I staggered to a bench and sat down next to a guy in motorcycle gear. I saw his KLR, an earlier model than mine, parked on the sidewalk next to the men’s room. The back of the bike was piled high with gear. I could imagine how that bike would act in the wind.
I learned that my new friend is from Eugene OR. I guess he’s between 40 and 45. He’d ridden to Banff, Alberta, Canada, and down the off-road Continental Divide Trail to somewhere in New Mexico, then back north as far as that rest stop. Only a short time before I got there, just past the rest stop he’d been blown off the pavement and crashed, his bike rolling end over end twice. He said he’d been leaned well over into the force of the wind when he felt his back tire start to skitter. He realized he could no longer control the bike.

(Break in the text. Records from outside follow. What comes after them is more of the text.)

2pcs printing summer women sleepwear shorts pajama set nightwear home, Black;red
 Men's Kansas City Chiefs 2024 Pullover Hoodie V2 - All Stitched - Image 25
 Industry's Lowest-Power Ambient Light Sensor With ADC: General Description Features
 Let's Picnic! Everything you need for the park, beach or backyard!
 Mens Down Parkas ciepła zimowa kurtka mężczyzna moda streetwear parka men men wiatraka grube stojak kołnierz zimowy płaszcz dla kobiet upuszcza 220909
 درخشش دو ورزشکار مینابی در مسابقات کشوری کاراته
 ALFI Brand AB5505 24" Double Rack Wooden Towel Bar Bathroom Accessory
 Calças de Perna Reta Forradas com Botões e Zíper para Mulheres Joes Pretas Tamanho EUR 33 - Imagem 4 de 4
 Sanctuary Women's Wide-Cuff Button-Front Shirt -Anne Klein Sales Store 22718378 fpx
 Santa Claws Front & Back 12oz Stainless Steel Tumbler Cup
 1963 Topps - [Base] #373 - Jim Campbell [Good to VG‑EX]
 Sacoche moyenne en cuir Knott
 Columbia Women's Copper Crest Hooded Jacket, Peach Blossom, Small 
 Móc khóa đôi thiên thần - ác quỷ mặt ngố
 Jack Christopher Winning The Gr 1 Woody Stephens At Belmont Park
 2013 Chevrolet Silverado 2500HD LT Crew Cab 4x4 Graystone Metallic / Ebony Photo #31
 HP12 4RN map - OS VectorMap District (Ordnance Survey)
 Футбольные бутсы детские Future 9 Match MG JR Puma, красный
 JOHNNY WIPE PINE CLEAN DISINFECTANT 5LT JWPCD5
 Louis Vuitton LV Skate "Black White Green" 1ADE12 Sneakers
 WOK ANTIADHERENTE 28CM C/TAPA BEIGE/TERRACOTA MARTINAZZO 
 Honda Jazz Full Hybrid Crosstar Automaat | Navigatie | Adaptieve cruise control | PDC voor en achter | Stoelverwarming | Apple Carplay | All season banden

(There was a weigh station for trucks in the rest stop. The two officers manning the weigh station had been watching a wind-speed meter on the wall. There’d been several gusts of nearly 90 mph, they said. Mostly it blew in the 30s and 40s, occasionally up to 50 mph.
A motorist saw my friend crash and stopped to help. They got the bike upright and back on the road shoulder. A highway patrol cruiser stopped and led my friend (whose bike ran and was rideable) back up the shoulder to the rest stop.
We sat there on the bench, not talking much, never exchanging names. I couldn’t stop trembling. I believe we were both more or less traumatized—and there was no end in sight. We sat there or walked into the men’s room or walked (carefully—the wind tried to blow you over) to the weigh station to see if the wind gauge might show some lessening in the force of the gusts. No change. An hour later—no change. Hours passed.
My friend thought that as the sun set, the wind would die down. I knew that if I waited until dark, I’d be too scared to ride, plus I’d be starving—no food in the rest area. I figured I could ask one of the several drivers of pickups with camper tops (also stuck there) if I could sleep in the cab of their truck while they slept in the camper. I could imagine a long night, trembling from fear and cold, my stomach growling.
Up the road we could see an exit and an overpass just a mile away. If we rode, we heard, to that exit and crossed the overpass, we could ride a two-lane road to Burley, only 20 miles away. We could register at a motel, take a hot shower and have dinner. We could wait out the wind in safety and comfort. Tomorrow might be nice.
But we were afraid to ride that mile.